Souvent, l’enseignant se lève tôt ( le petit jeu des mutations ne lui a pas permis d’obtenir un poste près des gens qu’ils aiment ), fait de longs trajets, et passe sa journée sur son lieu de travail, son emploi du temps ne lui permettant pas de faire autrement. Si son service n’est que de 18 heures d’enseignement effectif pour un certifié, il lui faut 3 fois ce temps au moins pour se comporter en intellectuel qu’il est : pour préparer ses cours, il lit énormément, se documente, se déplace dans des musées, au théâtre, au cinéma, accumule les connaissances qui lui permettront d’enrichir des cours constamment renouvelés. Un forum comme Neoprofs vous donnera une idée de l’investissement des enseignants dans leur travail et de la hauteur de vue qui est la leur.

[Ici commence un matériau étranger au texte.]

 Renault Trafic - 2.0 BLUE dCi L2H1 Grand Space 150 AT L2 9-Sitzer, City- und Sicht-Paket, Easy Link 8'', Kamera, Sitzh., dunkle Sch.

Je n’ai évidemment pas parlé du temps consacré à la correction des copies, du temps que nombre de professeurs consacrent à la préparation de sorties scolaires ( je pense, entre autres, aux professeurs de langue). Je ne parlerai pas non plus du temps consacré à recevoir les élèves et leurs parents de plus en plus enclins à rencontrer les enseignants de leurs enfants. Enfin, on aurait pu évoquer, avec le développement d’internet, le temps croissant à diffuser des informations ( notes, cahiers de textes en ligne ) ou à établir le contact avec parents et élèves ( forum, mails ). Faut-il également préciser que les rares enseignants faisant grève le font parce qu’ils défendent leur vision de l’éducation, laquelle doit reposer sur une conception non pas comptable de la chose, mais sur une véritable politique éducative incompatible avec la politique d’éradication du fonctionnaire mise en place par le gouvernement. Ainsi, tous ceux qui font grève et perdent une journée de salaire ne le font pas de gaieté de cœur en songeant aux vacances prochaines.
Je pourrais continuer longtemps comme cela, et je dois évidemment en oublier, mais vous conviendrez qu’on ne peut pas se laisser aussi facilement insulter.